I think you should try out Joerg's idea of using ball bearings. Yes, more expensive, but this would perhaps be creating a high end"cadillac" model. Some would pay for it, I think. Also, I suggest making more rectangle shaped forks as an option, some folks like that better than "V" shape forks.


----------



## mr.joel (Dec 21, 2009)

Also, consider using G10 or micarta handles to offset the possibility of swelling issues with the ball bearings. I like wood also, but theses materials have an undeniable moisture resisting advantage.


----------



## JoergS (Dec 17, 2009)

For using ball bearings, I think you need to use aluminum tubes as a grip. You can of course use small bearings so the tube can be fairly thin, and then drill out the wooden handle so it fits over the tube. Glue it in place and you are done.

I like rectangular forks as well, simply because you can achieve a low fork. I now use fork heights of about 2,5 to 3 cm.

I am happy to provide assitance how to select and install ball bearings, it is really not hard to do. No fancy machines needed. A vise, a saw, welding gear, that is about it.

Jörg


----------



## bunnybuster (Dec 26, 2009)

Hi guys,
I do appreciate the constructive criticism on my swivel forks.
I have shot these extensively, and still, I see no need for bearings. As far as using aluminum, or steel for handles....mine are all about wood, and the many shapes and types of handles I can fashion. This particular handle is of osage, and is taken from a pump shotgun handle, design. These type slingshots are very affordable as made.
I may bend up some square forks as suggested though.
Tom
aka. bunnybuster


----------



## JoergS (Dec 17, 2009)

Tom, I think for the design in your photo, ball bearings are not necessary.

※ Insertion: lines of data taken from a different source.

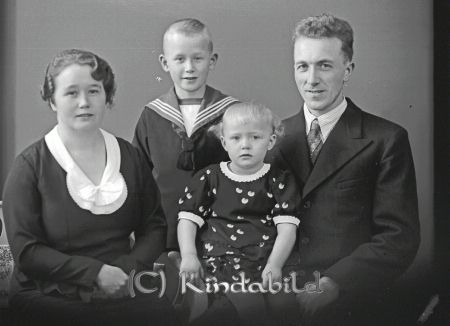 Gunnar Larsson Mejeriet Rothult
raja
Grupporträtt
2 st barn 1 st kvinna 1 st man
Gunnar Larsson

raja
Eva Agnes Maria född 1933 i Västra Eneby och Arne Sigurd Larsson född 1925 i Gestad �?lvsborgs län, barn till mejeristen Gunnar August Larsson född 1904 i Skaraborgs län, död i Vedum 1986 och Vega Linnea Wall född 1904 i Neder Kalix Norrbottens län.
Källa: SVAR Kyrkoarkiv Västra Eneby 
Källa: Gerd Pettersson 
Nyckelord: Larsson Rothult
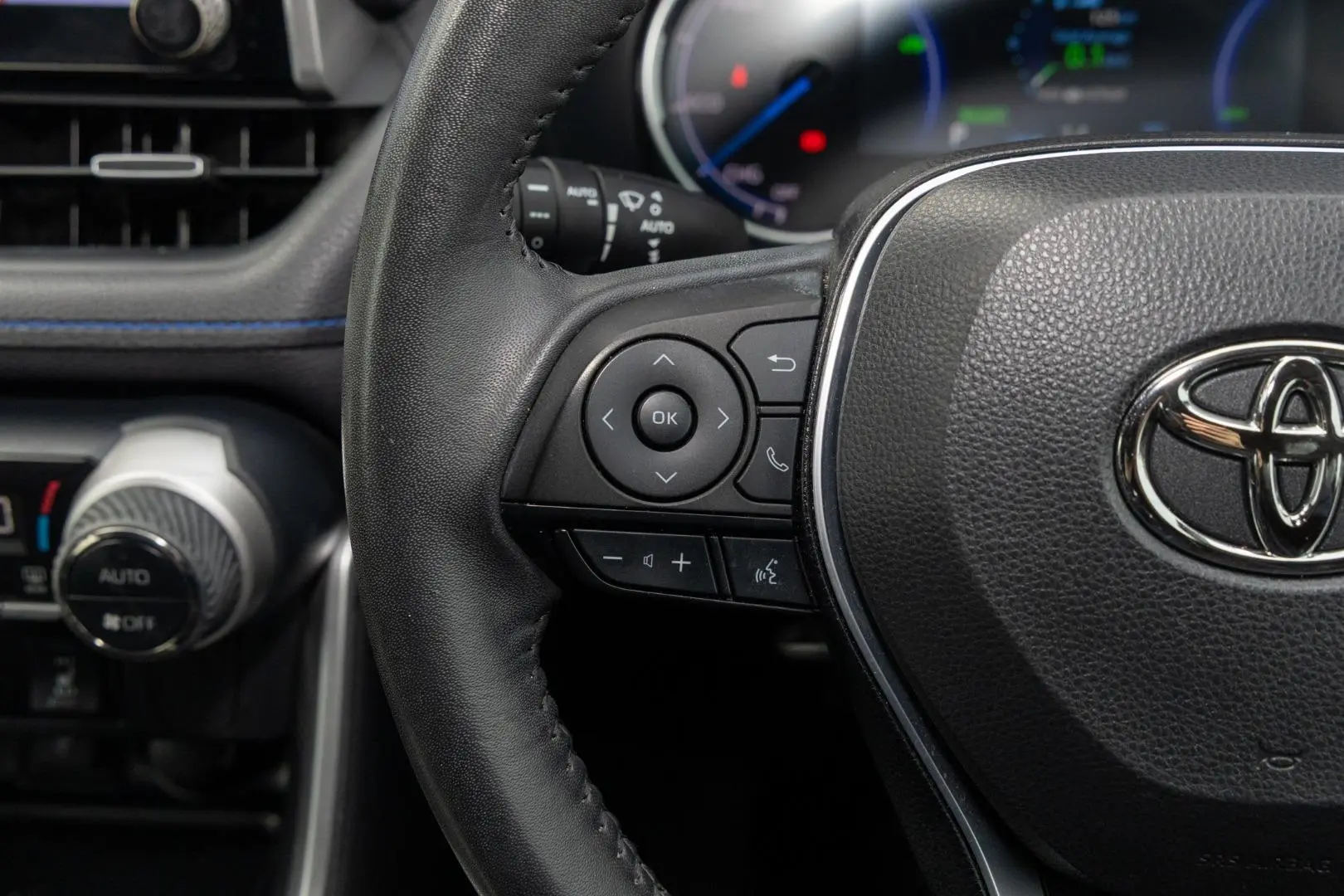 2022 Toyota RAV4 Gallery Image 11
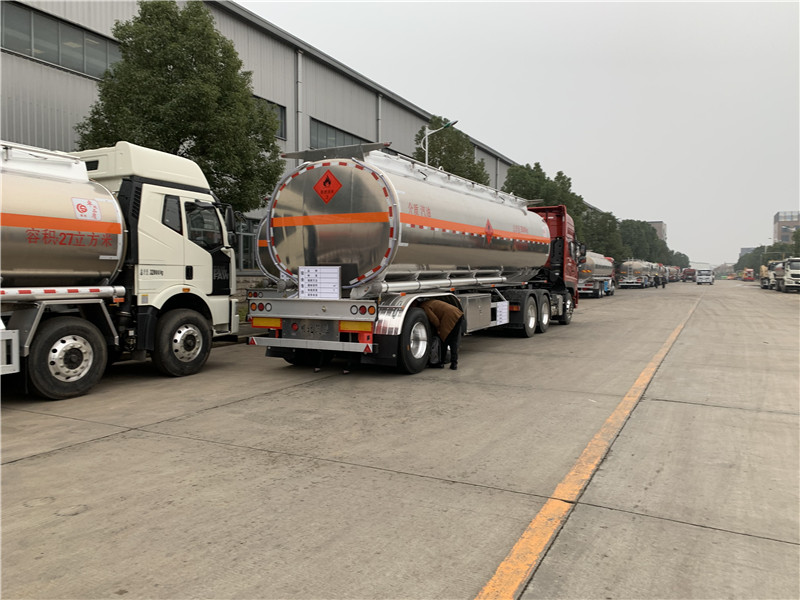 鋁合金半掛油罐車(chē)（38方直罐）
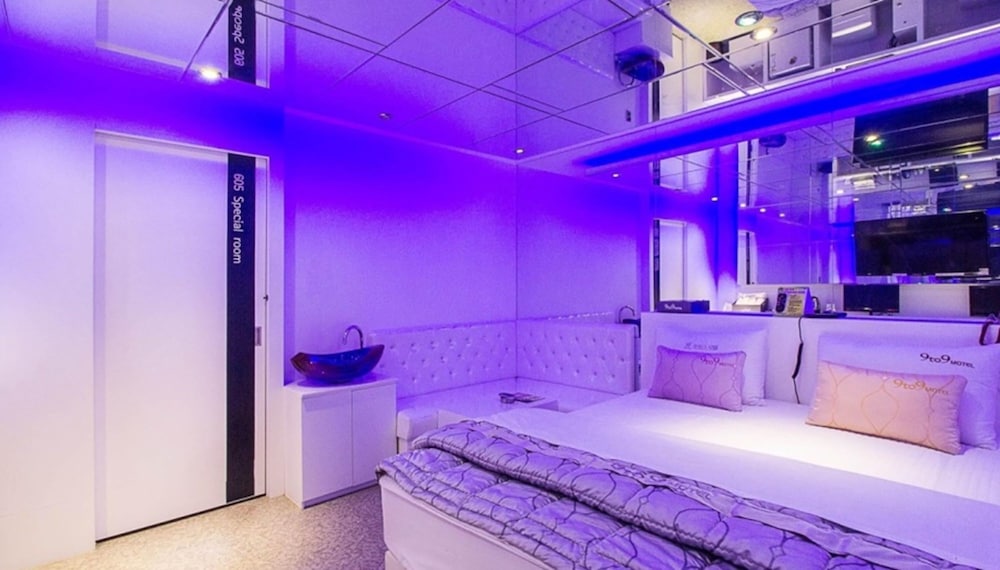 Deluxe Room, Bathtub (Mirror)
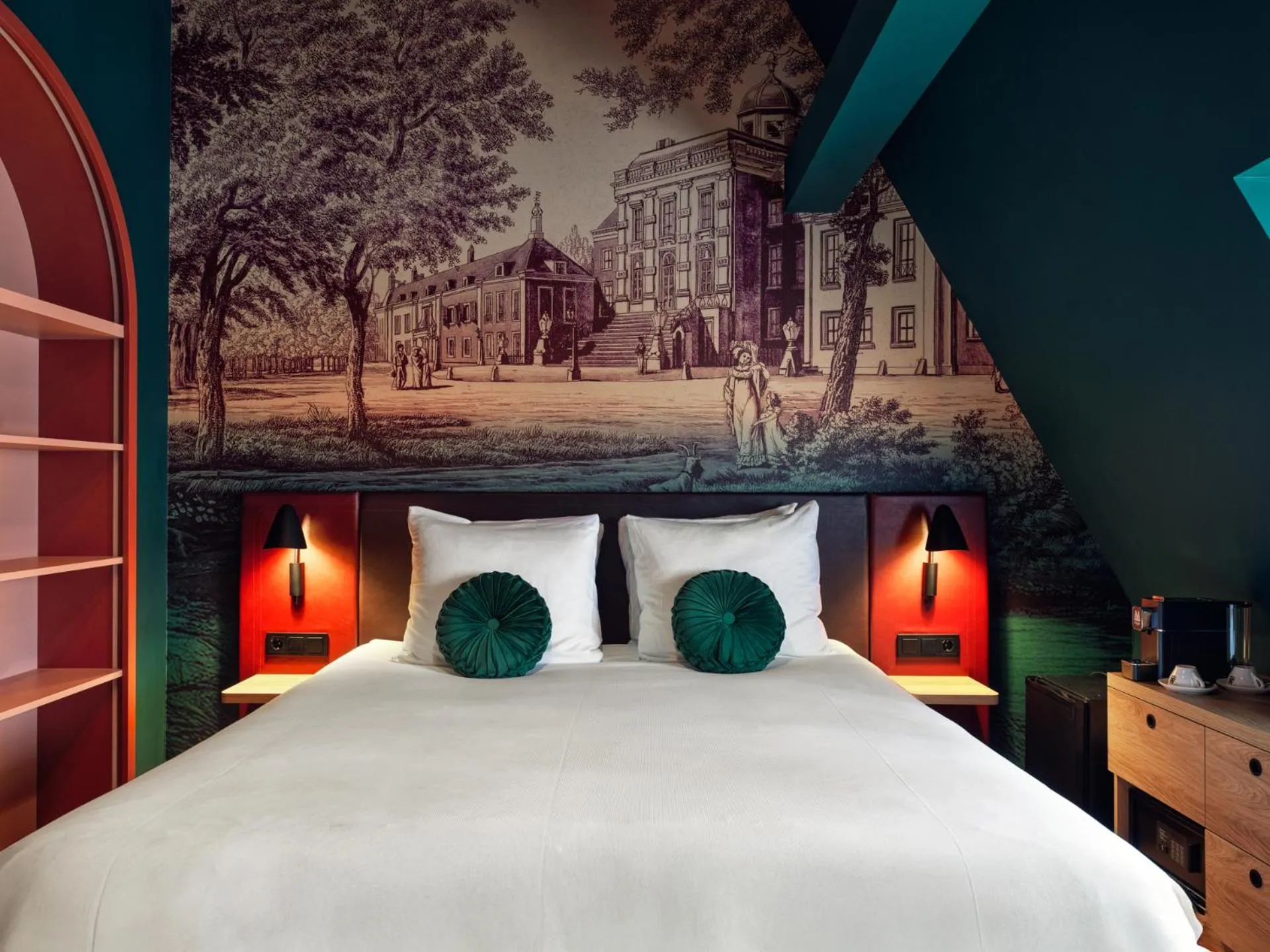 Bed in The Ald Hotel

There is no need for ball bearings as long as the bands are not very tough. But I noticed that my most powerful bands would no longer self center at full draw, because the friction increased so much.

As the fork on your models is fairly high, the strong bands I use on my "W" slingshots would not be controllable. The wrist strain would be too high.

But if you bend a rectangular fork which is much lower, you may experience these effects with strong bands.

Jörg


----------